Compress Your Data Files
- Individually compress the load files using gzip, lzop, bzip2, or Zstandard for large datasets
- Avoid to use compression if you have small amount of data because the benefit of compression would be outweighed by the processing cost of decompression.
- If the priority is to reduce the time spent by COPY commands use LZO compression. In the other hand if the priority is to reduce the size of the files in S3 and the network bandwidth use BZ2 compression.
- Load Data in Sort Key Order
- Load your data in sort key order to avoid needing to vacuum.
- As long as each batch of new data follows the existing rows in the table, the data will be properly stored in sort order, and you will not need to run a vacuum.
- Presorting rows is not needed in each load because COPY sorts each batch of incoming data as it loads.
- Load Data using IAM role
- Avoid using select *. Include only the columns you specifically need.
- Use a CASE Expression to perform complex aggregations instead of selecting from the same table multiple times.
- Don’t use cross-joins unless absolutely necessary
- Use subqueries in cases where one table in the query is used only for predicate conditions and the subquery returns a small number of rows (less than about 200).
- Use predicates to restrict the dataset as much as possible.
- In the predicate, use the least expensive operators that you can.
- Avoid using functions in query predicates.
- If possible, use a WHERE clause to restrict the dataset.

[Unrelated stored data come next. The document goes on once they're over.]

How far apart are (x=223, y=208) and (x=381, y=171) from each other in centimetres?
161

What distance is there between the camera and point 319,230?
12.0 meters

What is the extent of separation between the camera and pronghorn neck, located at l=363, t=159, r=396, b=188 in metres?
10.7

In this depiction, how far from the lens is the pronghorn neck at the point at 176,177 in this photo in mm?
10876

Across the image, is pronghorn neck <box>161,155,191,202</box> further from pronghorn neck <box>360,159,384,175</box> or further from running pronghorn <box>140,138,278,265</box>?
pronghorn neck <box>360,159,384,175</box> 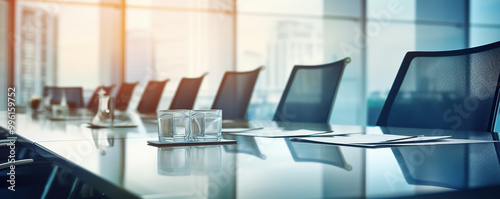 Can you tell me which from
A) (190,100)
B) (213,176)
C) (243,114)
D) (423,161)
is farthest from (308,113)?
(213,176)

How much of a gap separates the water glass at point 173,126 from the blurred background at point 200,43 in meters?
5.32

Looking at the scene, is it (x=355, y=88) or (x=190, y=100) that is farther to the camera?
(x=355, y=88)

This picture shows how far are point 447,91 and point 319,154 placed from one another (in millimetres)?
1168

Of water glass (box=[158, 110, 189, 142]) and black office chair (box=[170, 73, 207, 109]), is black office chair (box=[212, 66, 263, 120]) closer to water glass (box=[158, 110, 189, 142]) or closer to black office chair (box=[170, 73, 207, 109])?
black office chair (box=[170, 73, 207, 109])

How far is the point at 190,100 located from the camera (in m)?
3.38

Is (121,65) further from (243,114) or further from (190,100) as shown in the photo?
(243,114)

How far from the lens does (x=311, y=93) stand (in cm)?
246

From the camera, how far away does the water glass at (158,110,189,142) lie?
3.24 feet

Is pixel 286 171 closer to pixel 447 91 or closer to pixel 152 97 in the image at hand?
pixel 447 91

- Add predicates to filter tables that participate in joins, even if the predicates apply the same filters.
AWS Certification Exam Practice Questions
- Questions are collected from Internet and the answers are marked as per my knowledge and understanding (which might differ with yours).
- AWS services are updated everyday and both the answers and questions might be outdated soon, so research accordingly.
- AWS exam questions are not updated to keep up the pace with AWS updates, so even if the underlying feature has changed the question might not be updated
- Open to further feedback, discussion and correction.
- An administrator needs to design a strategy for the schema in a Redshift cluster. The administrator needs to determine the optimal distribution style for the tables in the Redshift schema. In which two circumstances would choosing EVEN distribution be most appropriate? (Choose two.)
- When the tables are highly denormalized and do NOT participate in frequent joins.
- When data must be grouped based on a specific key on a defined slice.
- When data transfer between nodes must be eliminated.
- When a new table has been loaded and it is unclear how it will be joined to dimension.
- An administrator has a 500-GB file in Amazon S3. The administrator runs a nightly COPY command into a 10-node Amazon Redshift cluster. The administrator wants to prepare the data to optimize performance of the COPY command. How should the administrator prepare the data?
- Compress the file using gz compression.
- Split the file into 500 smaller files.
- Convert the file format to AVRO.
- Split the file into 10 files of equal size.